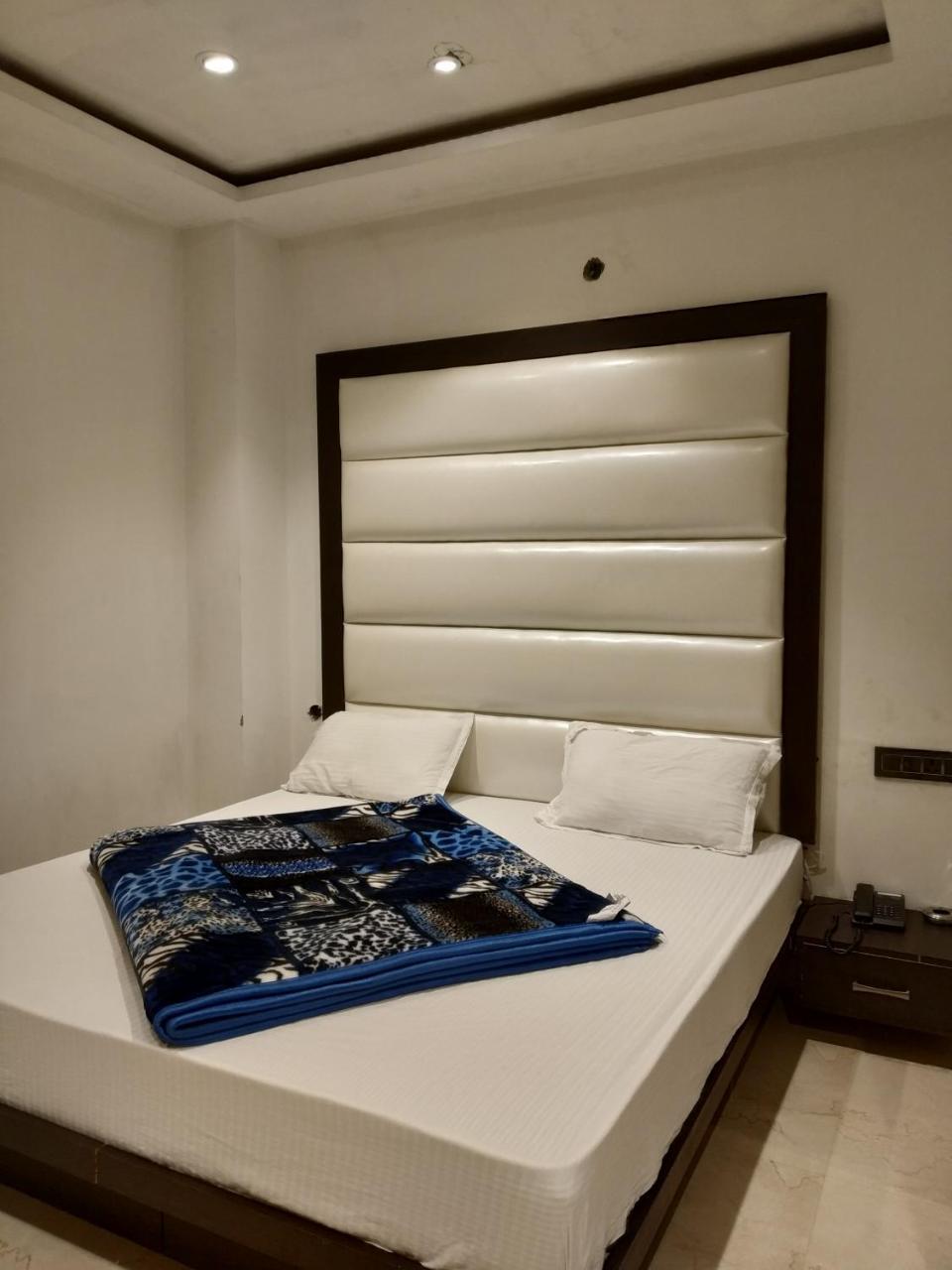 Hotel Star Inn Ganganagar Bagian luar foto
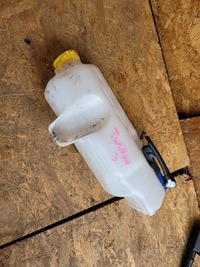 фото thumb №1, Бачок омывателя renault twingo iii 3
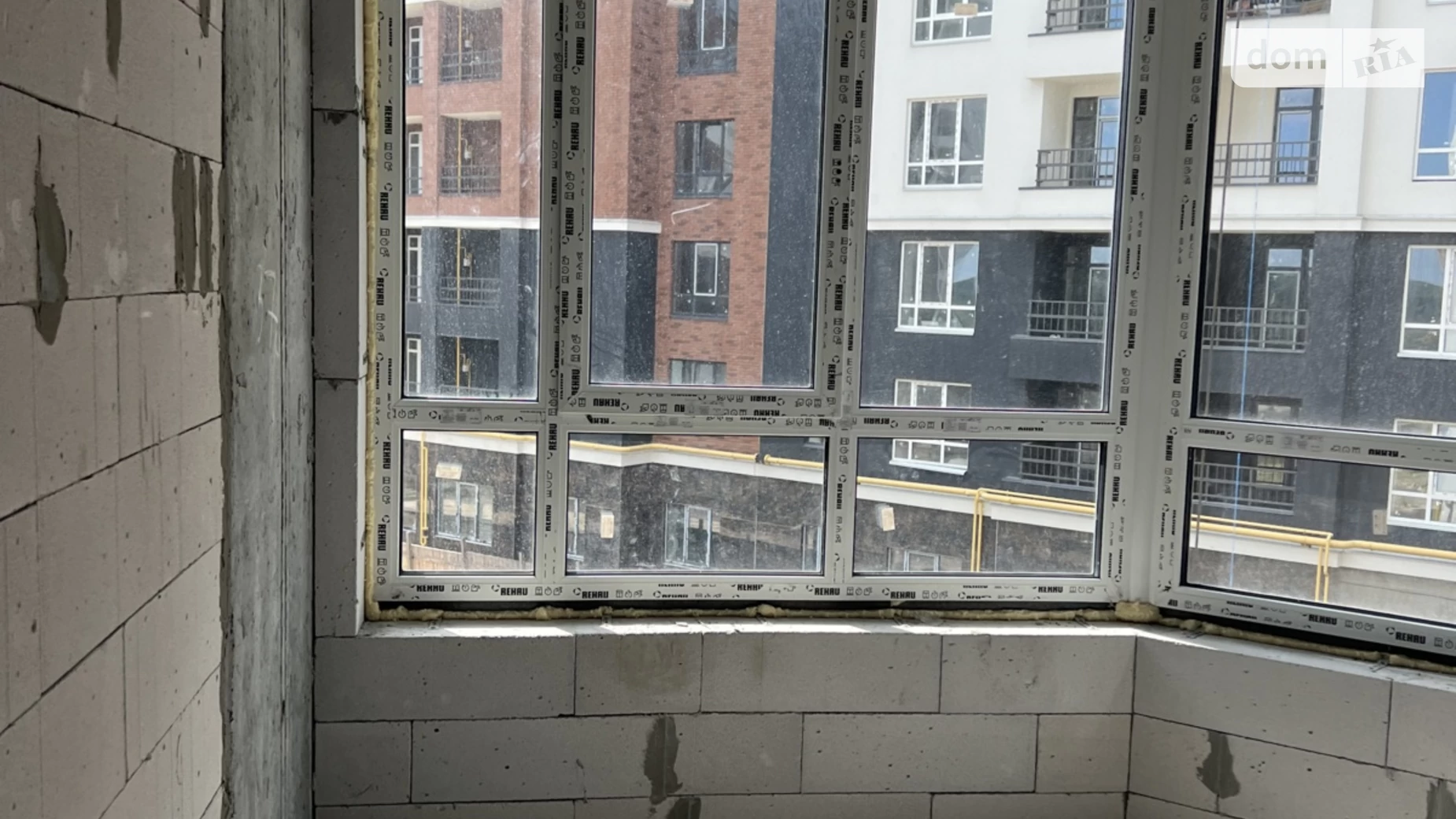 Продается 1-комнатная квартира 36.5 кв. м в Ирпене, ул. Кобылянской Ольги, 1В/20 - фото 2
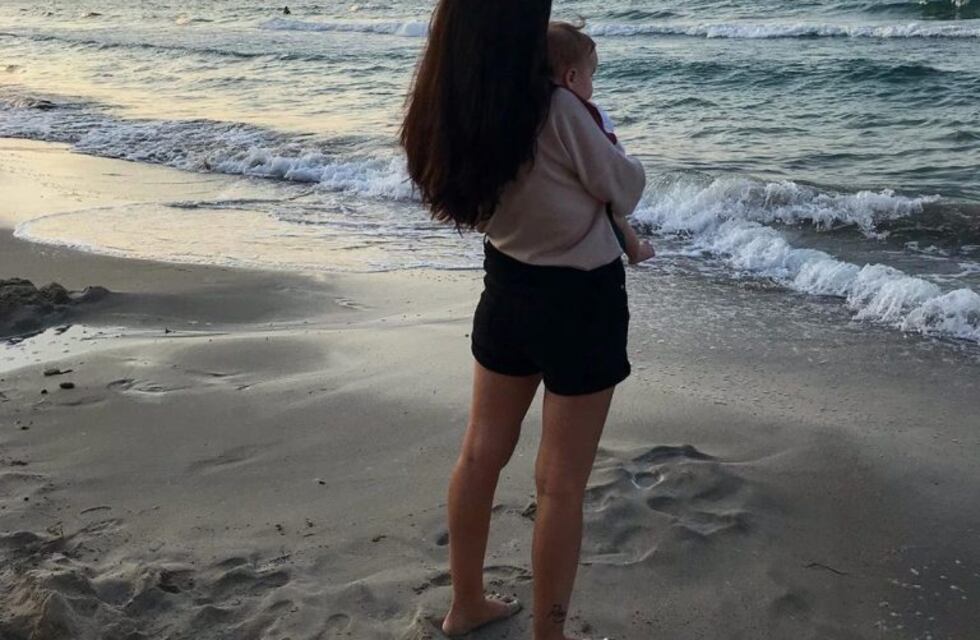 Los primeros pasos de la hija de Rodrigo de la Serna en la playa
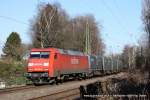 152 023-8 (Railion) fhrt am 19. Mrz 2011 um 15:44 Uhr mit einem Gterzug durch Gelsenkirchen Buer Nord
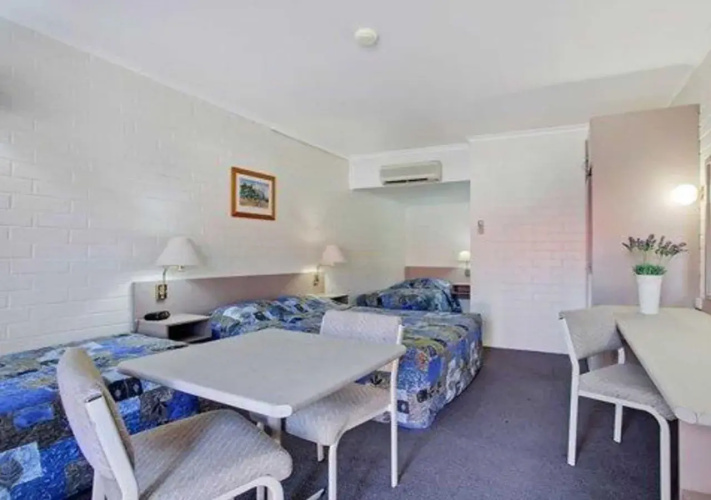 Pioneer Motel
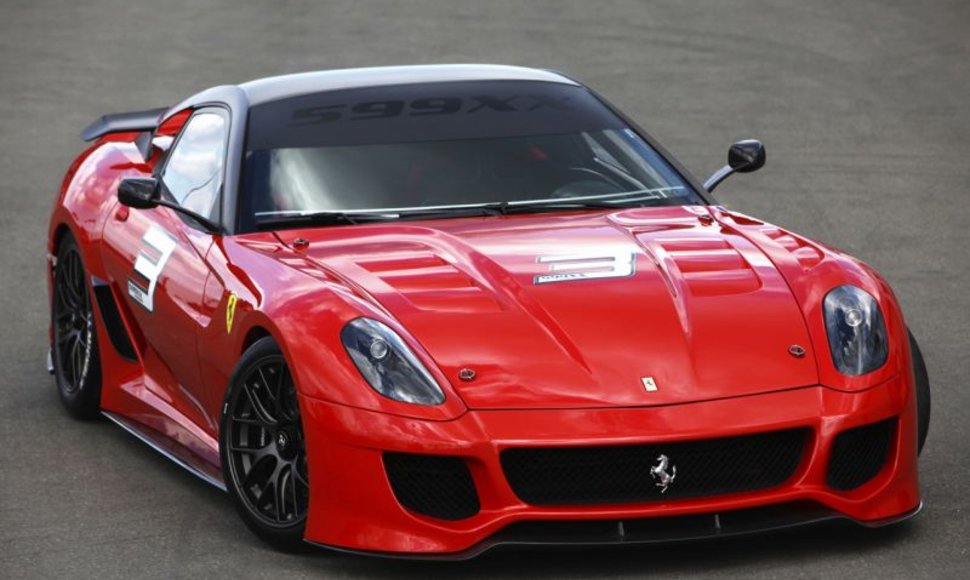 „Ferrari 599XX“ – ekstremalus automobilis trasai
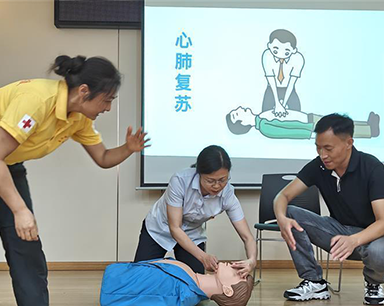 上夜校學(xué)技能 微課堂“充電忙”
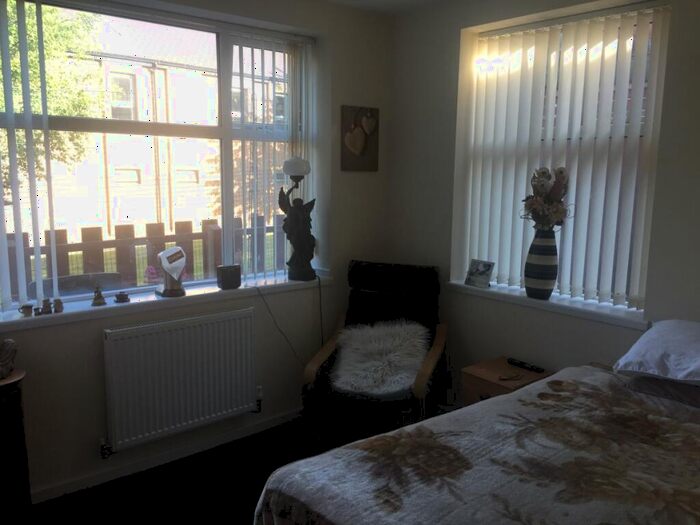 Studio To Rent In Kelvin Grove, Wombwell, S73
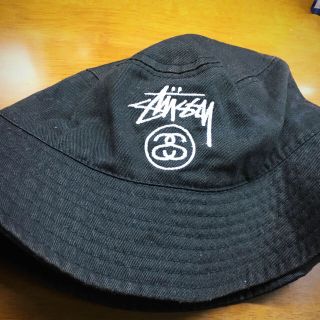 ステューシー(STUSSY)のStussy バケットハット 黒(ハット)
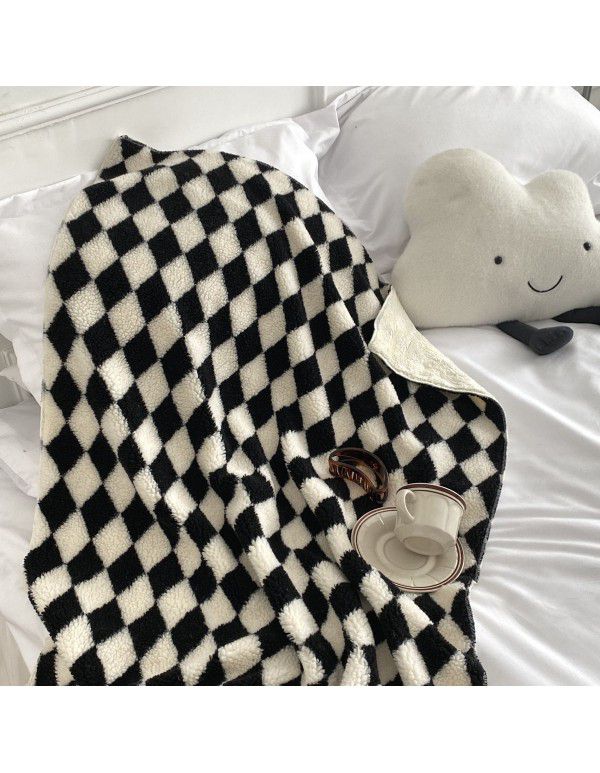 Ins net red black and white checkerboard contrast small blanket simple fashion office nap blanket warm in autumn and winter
§ §
An exact copy of each entry is required, minus the pictures.

 Hotel Star Inn Ganganagar Bagian luar foto
 фото thumb №1, Бачок омывателя renault twingo iii 3
 Продается 1-комнатная квартира 36.5 кв. м в Ирпене, ул. Кобылянской Ольги, 1В/20 - фото 2
 Los primeros pasos de la hija de Rodrigo de la Serna en la playa
 152 023-8 (Railion) fhrt am 19. Mrz 2011 um 15:44 Uhr mit einem Gterzug durch Gelsenkirchen Buer Nord
 Pioneer Motel
 „Ferrari 599XX“ – ekstremalus automobilis trasai
 上夜校學(xué)技能 微課堂“充電忙”
 Studio To Rent In Kelvin Grove, Wombwell, S73
 ステューシー(STUSSY)のStussy バケットハット 黒(ハット)
 Ins net red black and white checkerboard contrast small blanket simple fashion office nap blanket warm in autumn and winter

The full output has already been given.